----- The input -----
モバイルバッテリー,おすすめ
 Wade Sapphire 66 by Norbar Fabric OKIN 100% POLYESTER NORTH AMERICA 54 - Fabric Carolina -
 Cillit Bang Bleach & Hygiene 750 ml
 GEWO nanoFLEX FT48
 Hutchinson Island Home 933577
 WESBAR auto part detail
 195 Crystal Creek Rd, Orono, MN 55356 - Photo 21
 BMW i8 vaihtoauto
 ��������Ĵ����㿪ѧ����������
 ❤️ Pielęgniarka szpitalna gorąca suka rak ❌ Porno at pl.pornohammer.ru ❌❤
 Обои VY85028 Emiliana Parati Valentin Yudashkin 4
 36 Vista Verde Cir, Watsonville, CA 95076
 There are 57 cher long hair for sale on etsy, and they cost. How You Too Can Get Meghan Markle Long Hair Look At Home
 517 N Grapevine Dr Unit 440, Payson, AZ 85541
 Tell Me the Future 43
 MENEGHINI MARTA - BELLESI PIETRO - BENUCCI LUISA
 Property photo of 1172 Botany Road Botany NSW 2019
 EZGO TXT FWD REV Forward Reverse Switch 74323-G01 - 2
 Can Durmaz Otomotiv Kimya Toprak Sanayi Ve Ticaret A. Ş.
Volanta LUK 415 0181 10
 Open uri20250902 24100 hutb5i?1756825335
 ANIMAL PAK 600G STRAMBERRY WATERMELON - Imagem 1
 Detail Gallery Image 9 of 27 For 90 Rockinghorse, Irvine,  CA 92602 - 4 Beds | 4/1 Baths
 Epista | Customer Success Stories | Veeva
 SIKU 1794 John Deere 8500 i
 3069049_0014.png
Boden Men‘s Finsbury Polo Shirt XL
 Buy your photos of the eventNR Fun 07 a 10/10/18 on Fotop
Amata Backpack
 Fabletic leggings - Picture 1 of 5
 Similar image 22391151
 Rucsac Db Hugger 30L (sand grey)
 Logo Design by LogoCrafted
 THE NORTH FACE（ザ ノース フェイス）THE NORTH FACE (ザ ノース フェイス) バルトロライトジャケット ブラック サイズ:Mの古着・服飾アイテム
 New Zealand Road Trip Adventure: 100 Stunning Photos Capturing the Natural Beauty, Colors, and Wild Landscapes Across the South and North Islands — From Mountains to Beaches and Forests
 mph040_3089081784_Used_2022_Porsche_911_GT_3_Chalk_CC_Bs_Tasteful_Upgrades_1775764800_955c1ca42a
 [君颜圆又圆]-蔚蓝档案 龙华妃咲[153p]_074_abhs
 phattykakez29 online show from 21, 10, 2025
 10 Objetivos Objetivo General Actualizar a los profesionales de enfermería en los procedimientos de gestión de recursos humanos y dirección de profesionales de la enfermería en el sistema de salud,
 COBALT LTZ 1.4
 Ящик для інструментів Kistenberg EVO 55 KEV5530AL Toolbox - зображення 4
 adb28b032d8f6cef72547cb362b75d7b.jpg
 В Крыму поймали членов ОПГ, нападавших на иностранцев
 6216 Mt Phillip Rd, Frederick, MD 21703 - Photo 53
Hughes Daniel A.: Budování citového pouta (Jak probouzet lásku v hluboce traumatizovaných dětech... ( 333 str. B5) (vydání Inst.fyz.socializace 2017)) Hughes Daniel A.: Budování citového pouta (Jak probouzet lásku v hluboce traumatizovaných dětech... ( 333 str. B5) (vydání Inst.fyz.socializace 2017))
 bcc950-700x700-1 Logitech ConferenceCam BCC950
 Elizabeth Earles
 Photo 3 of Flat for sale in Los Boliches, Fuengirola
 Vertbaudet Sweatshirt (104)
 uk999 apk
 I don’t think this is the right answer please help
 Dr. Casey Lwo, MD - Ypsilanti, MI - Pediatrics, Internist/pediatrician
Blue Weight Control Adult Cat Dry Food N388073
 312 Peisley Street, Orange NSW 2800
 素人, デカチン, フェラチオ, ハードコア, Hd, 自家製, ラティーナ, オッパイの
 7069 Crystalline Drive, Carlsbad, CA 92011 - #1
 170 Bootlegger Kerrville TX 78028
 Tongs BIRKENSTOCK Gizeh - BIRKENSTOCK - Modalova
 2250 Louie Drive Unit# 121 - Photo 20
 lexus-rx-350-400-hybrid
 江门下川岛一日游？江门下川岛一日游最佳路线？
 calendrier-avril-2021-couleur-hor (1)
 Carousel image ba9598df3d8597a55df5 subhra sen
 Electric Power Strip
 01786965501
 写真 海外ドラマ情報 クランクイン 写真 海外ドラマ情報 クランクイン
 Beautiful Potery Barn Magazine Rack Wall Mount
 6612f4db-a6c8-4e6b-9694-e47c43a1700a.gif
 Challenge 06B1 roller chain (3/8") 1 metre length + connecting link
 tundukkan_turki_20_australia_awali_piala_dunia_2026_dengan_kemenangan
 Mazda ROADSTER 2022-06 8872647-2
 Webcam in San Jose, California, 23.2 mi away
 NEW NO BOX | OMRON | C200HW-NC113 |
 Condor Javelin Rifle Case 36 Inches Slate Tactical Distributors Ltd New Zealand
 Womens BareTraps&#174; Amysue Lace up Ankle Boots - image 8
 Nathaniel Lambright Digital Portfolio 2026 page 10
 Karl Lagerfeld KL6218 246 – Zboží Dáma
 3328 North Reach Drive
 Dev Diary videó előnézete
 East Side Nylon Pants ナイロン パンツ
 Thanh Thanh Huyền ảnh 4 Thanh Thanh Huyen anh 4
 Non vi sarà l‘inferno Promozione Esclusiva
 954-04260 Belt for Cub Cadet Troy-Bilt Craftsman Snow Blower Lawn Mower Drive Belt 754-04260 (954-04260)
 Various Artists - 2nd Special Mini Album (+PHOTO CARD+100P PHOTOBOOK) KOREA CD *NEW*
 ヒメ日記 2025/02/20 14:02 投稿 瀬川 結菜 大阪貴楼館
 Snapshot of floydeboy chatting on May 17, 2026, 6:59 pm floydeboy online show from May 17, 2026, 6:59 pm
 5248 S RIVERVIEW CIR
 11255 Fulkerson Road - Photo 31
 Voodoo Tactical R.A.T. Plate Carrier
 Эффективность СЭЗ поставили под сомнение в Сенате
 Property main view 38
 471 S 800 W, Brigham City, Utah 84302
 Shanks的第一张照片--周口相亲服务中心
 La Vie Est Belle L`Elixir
-----
__Exercise brief__
Within the entries above, how many lines hold the string "sale"? State the number with no other words.

__Response box__
2